Our project is part of a course that Alberto has dedicated to the geography of the Dolomites, and in particular to their culture. In his pedagogic vision, teaching geography has little to do with the usual approach: a low emphasis on the names of rivers and orographic basins, and full attention to the study of the environment and local traditions. This has the advantage of giving pupils actual glimpses into the business world, to start them thinking early about their future careers. One of the ways in which learning is being put into practice is precisely by exploring the relevance of local supply chains, so that students can reflect on their own professional future and gather useful tools to position themselves in the surrounding environment.

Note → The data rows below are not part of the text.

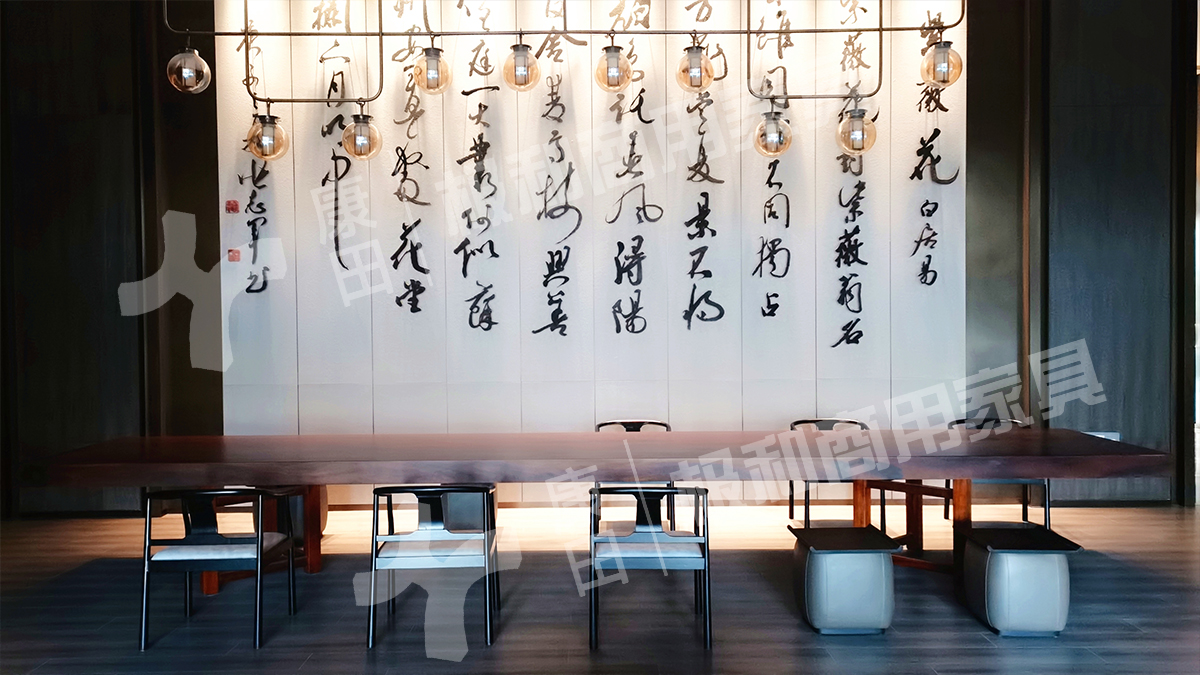 河南康田家具有限公司酒店家具產(chǎn)品展示。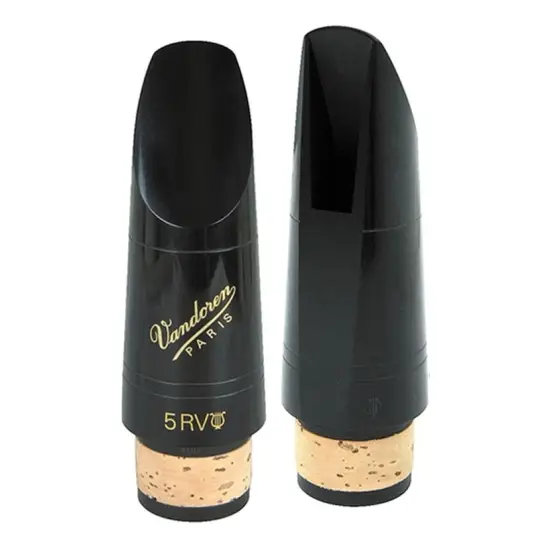 Vandoren BOQUILHA CLARINETE 5RV Lyre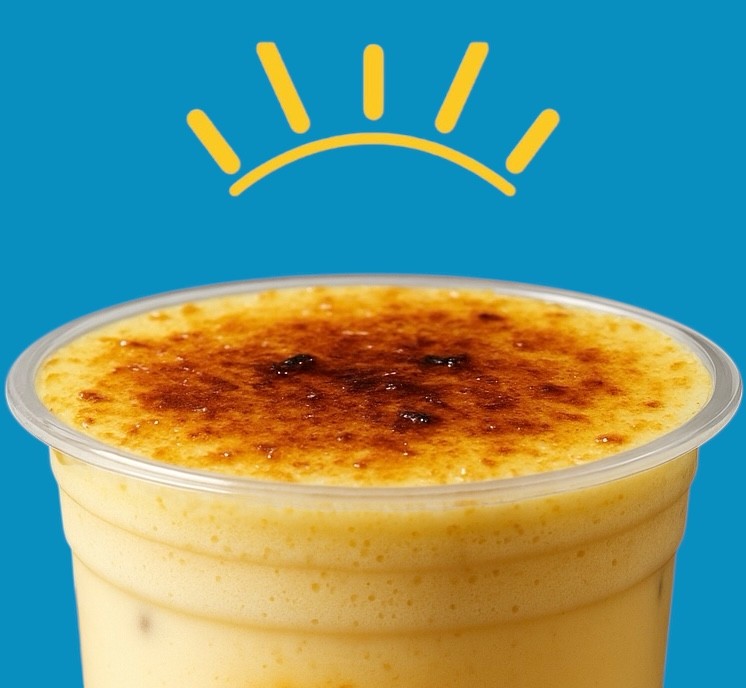 extra creme brulee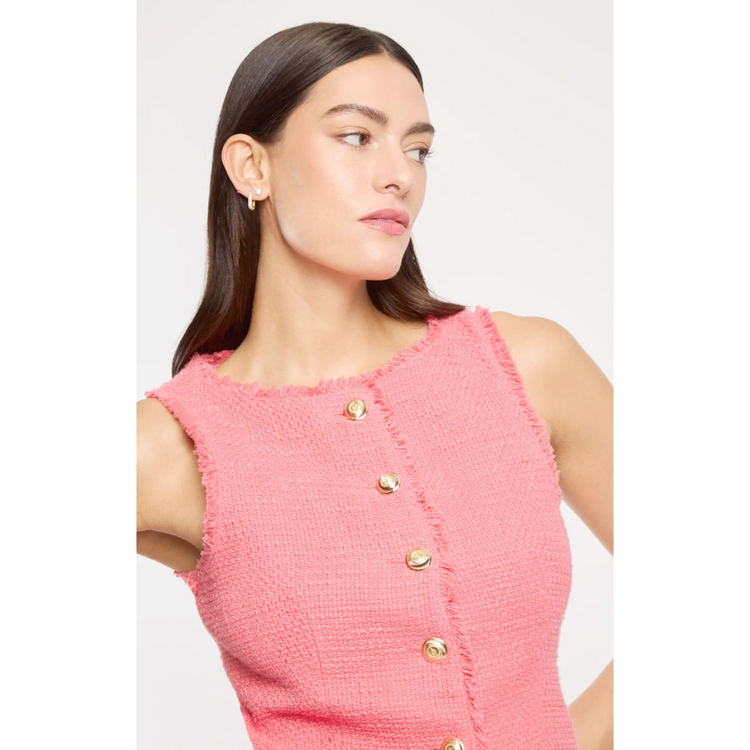 Cinq à Sept Cinq à Sept Boucle Camen Vest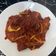 Cooksnap nursyafiqah mohamad razib semasa beliau membuat Ayam Masak Merah.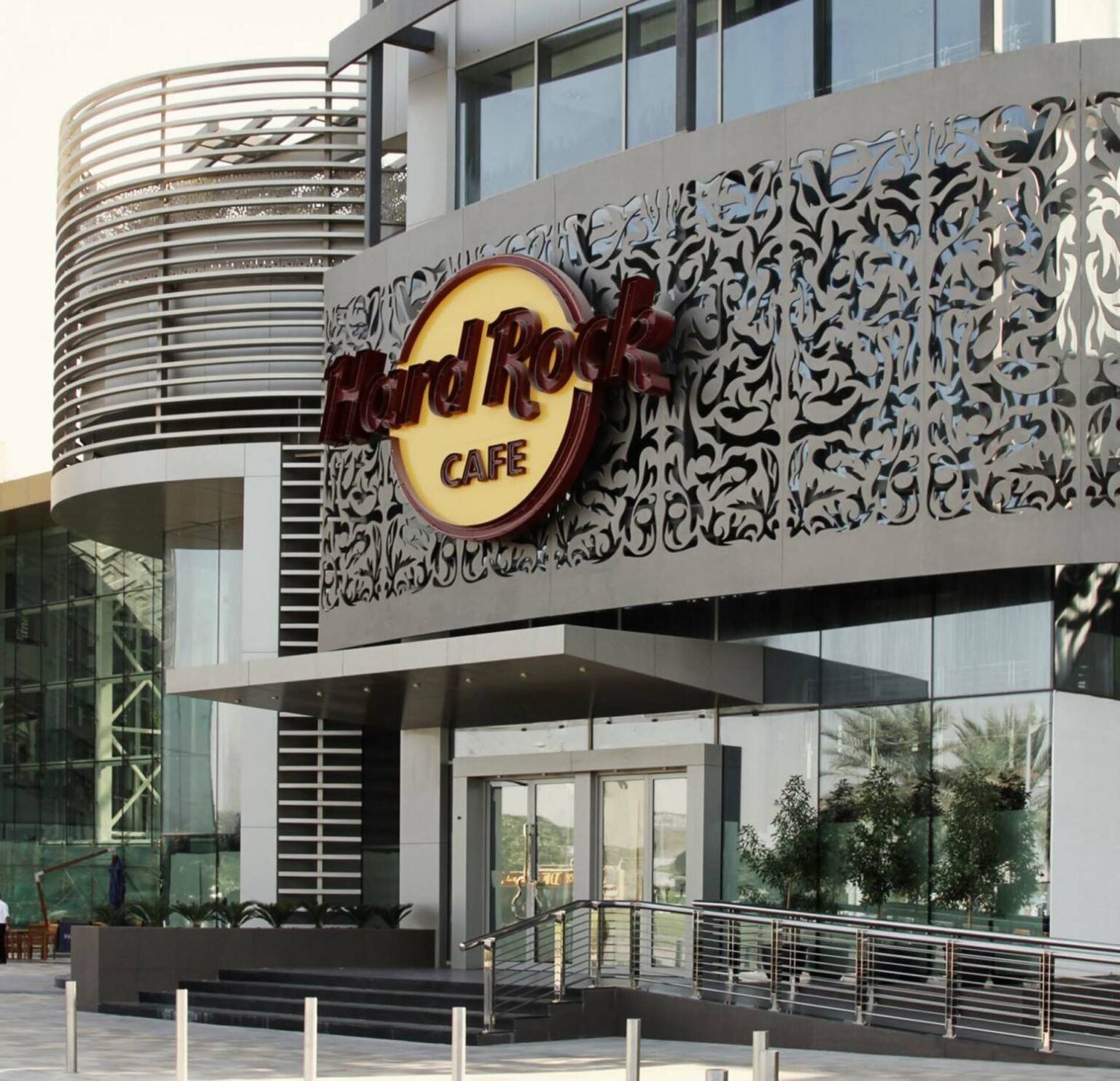 HARD ROCK CAFE - DUBAI 1 HARD ROCK DUBAI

The meeting with VAIA was a way for the students to get to know an artefact that enhances the Dolomite alpine region, recounts Alberto, where the craftsmanship aspect plays a major role. They asked a lot of questions about the wood processing techniques: how do you go from the felled logs to the VAIA Cube? What is the cost of the wood that the startup has to face? Questions that also intersect with the sustainability goals linked to the UN 2030 Sustainable Agenda, which the Ministry has included among the guidelines of the civic education courses.

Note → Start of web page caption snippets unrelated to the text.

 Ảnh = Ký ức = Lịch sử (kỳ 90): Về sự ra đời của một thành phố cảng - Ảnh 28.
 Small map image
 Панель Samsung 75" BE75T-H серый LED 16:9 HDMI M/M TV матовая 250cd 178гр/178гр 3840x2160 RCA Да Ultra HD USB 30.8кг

Being in contact with the world of education helps us to nurture the young soul of the startup. Behind every spontaneous question lies the opportunity to open our eyes to new aspects of our work, and to give our everyday life a different meaning. Discussions with universities enlighten us on innovative technical details and inspire us to pursue new strategies. More than anything else, meeting students is an opportunity to convey what it means to work at VAIA, to relive what led us to embrace the project. Our hope is that we have succeeded in conveying a positive message and in providing a perspective on what awaits teenagers in their near future. Above all, we wish them to know that their contribution will be much needed.